Top of Listed entries
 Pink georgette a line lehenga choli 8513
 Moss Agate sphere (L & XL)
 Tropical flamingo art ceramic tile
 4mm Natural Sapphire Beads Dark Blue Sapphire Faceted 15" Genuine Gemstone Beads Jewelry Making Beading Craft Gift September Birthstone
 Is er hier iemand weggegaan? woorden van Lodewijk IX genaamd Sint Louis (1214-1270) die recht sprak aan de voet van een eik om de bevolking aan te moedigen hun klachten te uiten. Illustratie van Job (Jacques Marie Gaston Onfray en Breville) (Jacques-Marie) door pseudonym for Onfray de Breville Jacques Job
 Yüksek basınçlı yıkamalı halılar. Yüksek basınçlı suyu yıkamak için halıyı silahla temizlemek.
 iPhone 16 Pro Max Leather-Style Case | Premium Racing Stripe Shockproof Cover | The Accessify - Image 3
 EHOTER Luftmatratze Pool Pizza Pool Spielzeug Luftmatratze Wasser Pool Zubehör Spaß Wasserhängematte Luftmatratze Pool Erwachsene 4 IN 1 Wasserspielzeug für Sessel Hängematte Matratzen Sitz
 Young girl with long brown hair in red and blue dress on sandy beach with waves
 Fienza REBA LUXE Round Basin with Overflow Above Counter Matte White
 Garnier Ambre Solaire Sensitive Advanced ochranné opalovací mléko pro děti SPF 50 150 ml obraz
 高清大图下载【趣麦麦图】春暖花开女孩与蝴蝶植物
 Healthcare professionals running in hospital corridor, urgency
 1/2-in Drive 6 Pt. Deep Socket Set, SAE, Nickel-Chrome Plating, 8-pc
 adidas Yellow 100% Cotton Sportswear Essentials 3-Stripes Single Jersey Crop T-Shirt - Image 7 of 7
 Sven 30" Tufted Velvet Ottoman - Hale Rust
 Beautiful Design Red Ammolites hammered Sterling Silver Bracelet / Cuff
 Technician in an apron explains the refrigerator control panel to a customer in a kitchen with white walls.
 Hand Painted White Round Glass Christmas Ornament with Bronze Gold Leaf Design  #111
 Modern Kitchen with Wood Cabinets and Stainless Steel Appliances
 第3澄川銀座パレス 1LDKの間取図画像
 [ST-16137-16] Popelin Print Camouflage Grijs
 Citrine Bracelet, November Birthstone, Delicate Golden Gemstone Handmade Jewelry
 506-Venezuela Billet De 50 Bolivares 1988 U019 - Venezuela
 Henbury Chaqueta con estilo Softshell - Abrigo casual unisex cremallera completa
Bottom of Listed entries
Go through the records above and copy each line where "with" is found.

▶ [Solution]
 Young girl with long brown hair in red and blue dress on sandy beach with waves
 Fienza REBA LUXE Round Basin with Overflow Above Counter Matte White
 Technician in an apron explains the refrigerator control panel to a customer in a kitchen with white walls.
 Hand Painted White Round Glass Christmas Ornament with Bronze Gold Leaf Design  #111
 Modern Kitchen with Wood Cabinets and Stainless Steel Appliances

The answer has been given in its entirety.